Note: DNS RPZ will block DNS resolution, machines connecting to the C&C via IP address will not be blocked.

The following figure provides an overview of how DNS RPZ works.

RPZ-overview1

In this figure, a client performs a few DNS queries. It first queries for a good domain (example.com) and the corporate server receives the normal DNS response from the upstream DNS server. This client also queries for a malicious domain (malicious-domain.com) and also for a domain called someotherwebsite.com. Enterprises can have their own (local) DNS RPZ to block any other domains/websites that are not allowed because of corporate policies. In this example the corporate DNS server has a local RPZ configured to block “someotherwebsite.com” and it also receives information about “malicious-domain.com” from the external DNS RPZ. There are organizations such as Spamhaus.org and SURBL that provide RPZ services that organizations can subscribe to.
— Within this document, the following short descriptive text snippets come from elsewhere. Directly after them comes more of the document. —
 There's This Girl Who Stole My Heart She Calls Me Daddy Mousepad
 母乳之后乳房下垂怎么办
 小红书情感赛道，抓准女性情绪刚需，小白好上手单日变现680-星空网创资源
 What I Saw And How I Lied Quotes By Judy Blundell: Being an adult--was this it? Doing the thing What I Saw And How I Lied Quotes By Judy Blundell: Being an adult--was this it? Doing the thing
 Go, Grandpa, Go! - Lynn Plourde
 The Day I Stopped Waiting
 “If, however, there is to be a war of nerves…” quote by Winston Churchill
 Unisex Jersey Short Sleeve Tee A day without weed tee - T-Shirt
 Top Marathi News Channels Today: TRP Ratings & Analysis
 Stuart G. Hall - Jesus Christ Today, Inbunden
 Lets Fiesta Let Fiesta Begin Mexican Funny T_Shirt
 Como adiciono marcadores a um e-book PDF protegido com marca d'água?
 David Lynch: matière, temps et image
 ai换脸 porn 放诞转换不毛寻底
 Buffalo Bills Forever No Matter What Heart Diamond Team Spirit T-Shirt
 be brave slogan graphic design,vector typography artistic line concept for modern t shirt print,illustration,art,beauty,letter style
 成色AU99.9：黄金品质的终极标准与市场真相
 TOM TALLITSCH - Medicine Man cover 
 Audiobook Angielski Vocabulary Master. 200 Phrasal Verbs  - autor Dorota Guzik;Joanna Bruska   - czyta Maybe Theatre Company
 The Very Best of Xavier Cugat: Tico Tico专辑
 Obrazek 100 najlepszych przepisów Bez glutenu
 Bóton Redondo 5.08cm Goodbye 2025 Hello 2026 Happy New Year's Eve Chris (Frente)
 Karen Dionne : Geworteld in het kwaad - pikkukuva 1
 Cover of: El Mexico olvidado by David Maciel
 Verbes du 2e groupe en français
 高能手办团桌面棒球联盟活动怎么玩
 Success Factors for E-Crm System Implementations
Note: DNS zone transfers can be full transfers (AXFR) and incremental (IXFR). AXFR zone transfers are defined in RFC 5936 and IXFR is defined in RFC 1995.

The “reputation-based” zones, via RPZ responses, will send back either non existent domain (NXDOMAIN) or a pointer to a “walled-garden” where you can point the user to clean up their workstation or direct them through any other specific instructions.